Nelle scuole è necessario investire per la “scoperta” del paesaggio in cui si vive, e durante l’estate sostenere le ragazze e i ragazzi in percorsi formativi ed esperienziali nel mondo (es. minierasmus).

Noi questo futuro lo vediamo, Fondazione Appennino è nata per dare un contributo in questa direzione.

Cosa cercano i giovani delle aree interne?

Sono necessità o desiderio o entrambe le motivazioni a metterli in movimento alla ricerca di nuovi approdi?

Sarebbe interessante scoprire, indagare, analizzare il pensiero degli adolescenti delle aree interne, il loro rapporto con il territorio ed il mondo.
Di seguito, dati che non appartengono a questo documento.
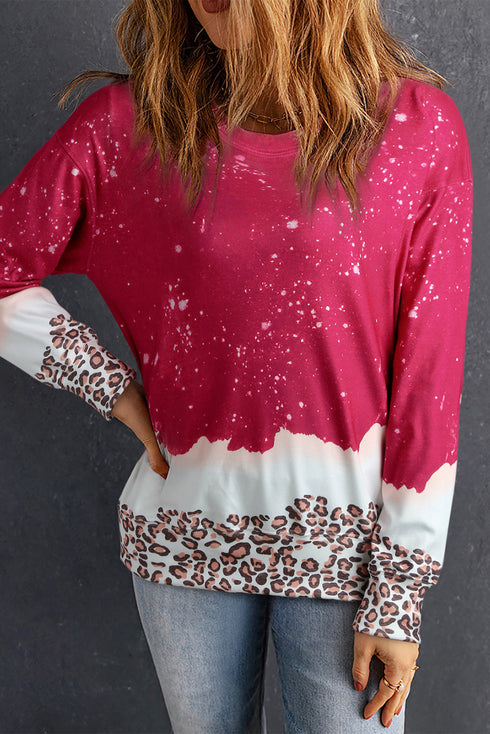 Leopard Print Bleached Effect Casual Pullover Sweatshirt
E se pensassimo al nostro futuro di anziani nei paesi? E se lasciassimo i giovani liberi di scegliere e riflettere sull’opportunità di vivere felicemente la loro vecchiaia in un paese? Forse così potremo evitare di vivere un Metaverso capovolto: pensare al futuro dai paesi sapendo che la nostra vecchiaia, forse, ce la potremo anche permettere nelle città, magari con seconde e terze case nei paesi.